The Hierarchy of Intervention
When an operational task is required (DevOps, Configuration, Deployment, DNS, Secrets), the Agent must evaluate methods in this strict order of priority:
1. 🥇 API First (Direct Action)
- Definition: The Agent uses available API credentials (via Doppler) to interact directly with the provider (Namecheap, GitHub, Vercel, Google Cloud, Firebase).
- Why: Precise, deterministic, error-checked, and self-documenting via code.
- Requirement: If an API exists and keys are available, the Agent MUST attempt this path first. Writing a custom script (e.g.,
tools/dns-automation.ts) is preferable to asking the user.

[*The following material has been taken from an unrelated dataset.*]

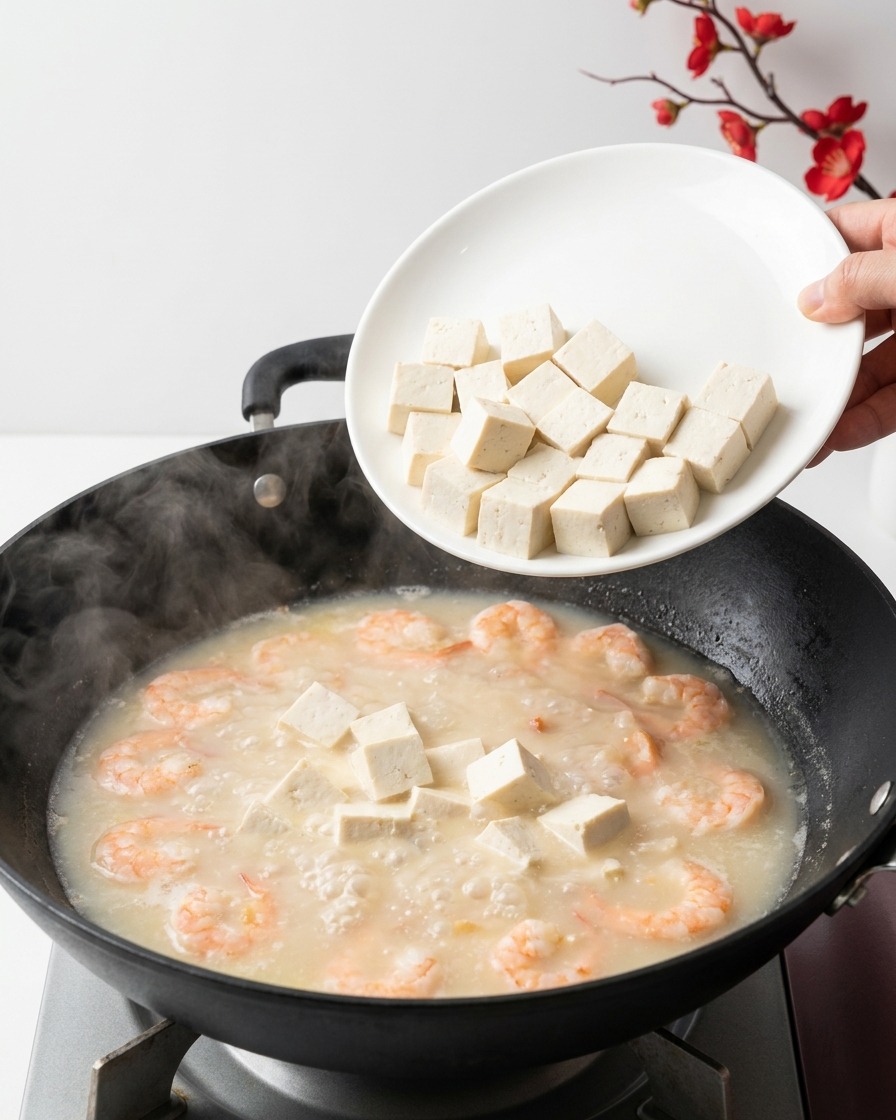 Un piatto bianco tenuto sopra un wok, con piccoli cubetti di tofu bianco fresco che cadono in un brodo di mare lattiginoso e gorgogliante.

2. 🥈 CLI Second (Scripted Action)
- Definition: The Agent uses installed CLIs (
gh,firebase,vercel,gcloud) to perform actions on the local machine. - Why: Powerful, scriptable, but slightly less robust than direct API calls due to text parsing variations.
- Requirement: Used when direct API access is complex to implement quickly or when the CLI offers a superior abstraction (e.g.,
gh secret set).
3. 🥉 Browser Third (Emulated Action)
- Definition: The Agent uses browser automation tools to interact with the web console.
- Why: Necessary for legacy systems with no API, or "ClickOps" UI-only features.
- Requirement: A fallback when programmatic access is impossible.
4. 🛑 User Last (Manual Action)
- Definition: The Agent asks the Human to perform the task.
- Why: Slow, error-prone, breaks flow, disempowering.
- Requirement: ONLY acceptable if:
- 2FA/MFA prevents automated access.
- Legal/Financial authorization requires human biology.
- No API/CLI exists and browser automation is blocked.
Implementation Standard
To support this philosophy, we must:
1. Centralize Credentials: All API keys must be in Doppler.
2. Tooling Over Documentation: Instead of writing a "How To" guide for the user, write a Tool that does it for them.
3. Persistent Automation: Automation scripts must be checked into the repository (tools/*) so the capability is retained for future agents.
"Don't tell me how to do it. Do it, and tell me that it is done."